Eine Reduzierung des Einsatzes von SO2 erfordert zunächst eine Optimierung der Gärbedingungen, um die Synthese SO2-bindender Gärungsnebenprodukte zu mindern. Dazu zählt insbesondere Acetaldehyd, das in seiner freien, nicht an SO2 gebundenen Form, einen charakteristischen Eigengeruch aufweist, welcher in Weinen der fruchtigen Art als fehlerhaft beschrieben wird. Verzicht auf Schwefelung vor der Gärung ist ein zweiter Schritt. Die Abfüllung mit geringeren Gehalten an freiem SO2 ist nur möglich, wenn die Sauerstoffaufnahme durch den Flaschenverschluss berücksichtigt wird. Die Herstellung ungeschwefelter Weine erfordert besonders im Weißweinbereich absoluten Sauerstoffabschluss nach der Gärung, analog dem inerten Vorgehen im Brauereigewerbe, um Sortentypizität und Haltbarkeit nicht zu gefährden. Ungeschwefelte Rotweine sind durch ihren höheren Tanningehalt weniger empfindlich gegenüber Sauerstoff.

  • Ulrike Schentzinger
    16.05.2010 14:59

    Nicht ganz einfach zu lesen, da es sich um sehr viele chemische Abläufe handelt. Aber für mich äußerst informativ. Es hat mein Verständnis, was hier bei den Gärprozessen entscheidend ist, verbessert. Danke.

  • Greimel Martin
    17.05.2010 06:01

    Mich hätten noch die gesundheitlichen Aspekte von Schwefel (SO2) bzw. jenen Stoffen die er bindet (bzw. bei Nichtschwefelung nicht bindet) interessiert.

  • Gregor Gwerder
    19.05.2010 13:27

    Darum fände ich es nach wie vor informativ, wenn nicht gar vielsagend, wenn in der Kellerkarte der Delinat-Weine neben dem freien SO2-Gehalt auch der Gesamtgehalt an Schwefeldioxid (freie und gebundene SO2) deklariert würde. Das liesse doch einige Rückschlüsse zu ...
    Gerne hätte ich noch etwas mehr über die möglichen gesundheitlichen Auswirkungen des SO2 gelesen (doch das war ja nicht Titelthema). Den gegensätzlichen Beteuerungen zum Trotz glaube ich dennoch, dass ich einen stark geschwefelten Wein nach zwei Gläsern (sofort) "im Kopf" spüre, und zwar wirklich wegen des SO2-Gehalts und nicht etwa wegen eines Zuviel an Histaminen oder Fuselölen. Bei anderen geschwefelten, sorry ich meine natürlich "geschwefeldioxideten" Genussmitteln passiert mir das nie.
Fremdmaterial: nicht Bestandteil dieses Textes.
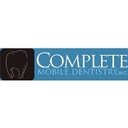 Complete Mobile Dentistry Inc company logo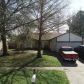 19111 CYPRESS FLOWER DR, Katy, TX 77449 ID:15952458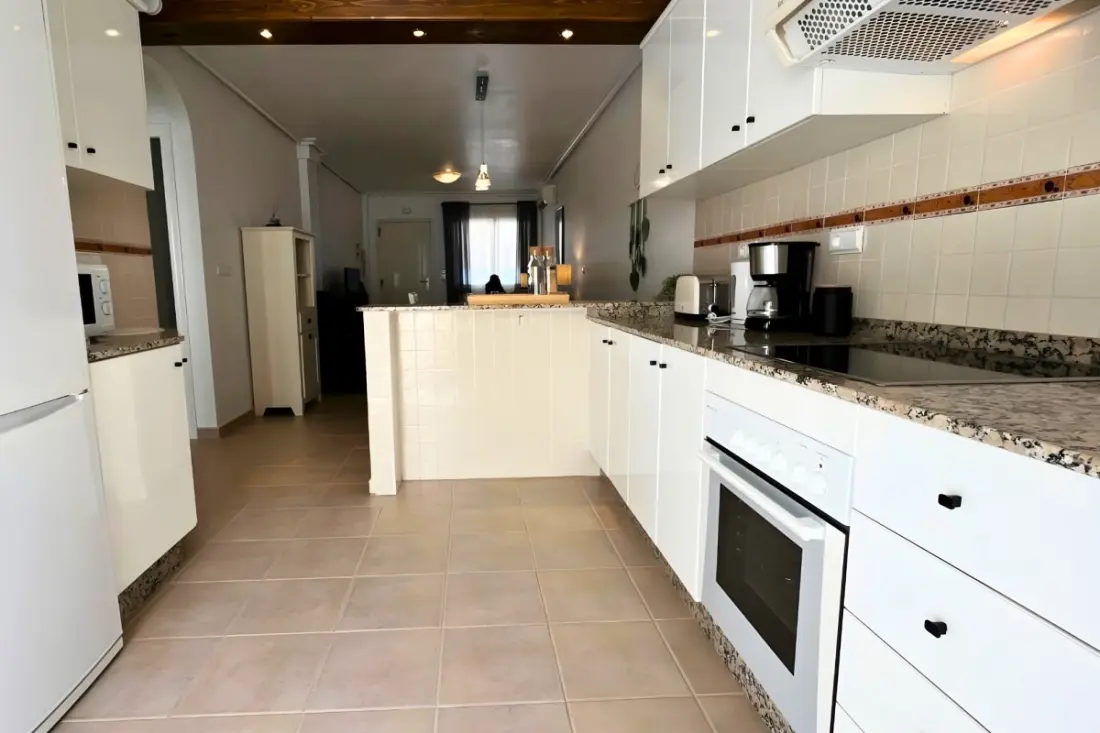 Soleil, Golf Et Piscine : La Villa Idéale Pour Vos Vacances !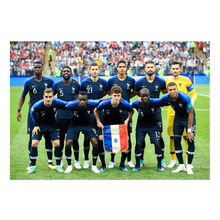 Load image into Gallery viewer, Aerial view of the San Siro, 2022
    Die Beiträge von Volker Schneider unter "Das Neueste von Ithaka" laufen für mich unter "Das Beste von Ithaka", obgleich mir einige Erklärung zu "hoch" sind. Nach dem Lesen des Beitrags "Die Kunst gezielter Oxydation" ist für mich Hobbywinzer klar, dass ich nach der nächsten Lese den (gesunden) Most (3/4 Johanniter, 1/4 Solaris) nicht mehr einbrennen werde. Denn in der Tat machte sich bisher in meinen Weissweinen nach drei, spätestens vier Jahren ein gehöriger Alterston bemerkbar. Ich bin schon jetzt gespannt ...
    Beste Grüsse und herzlichen Dank an Volker Schneider.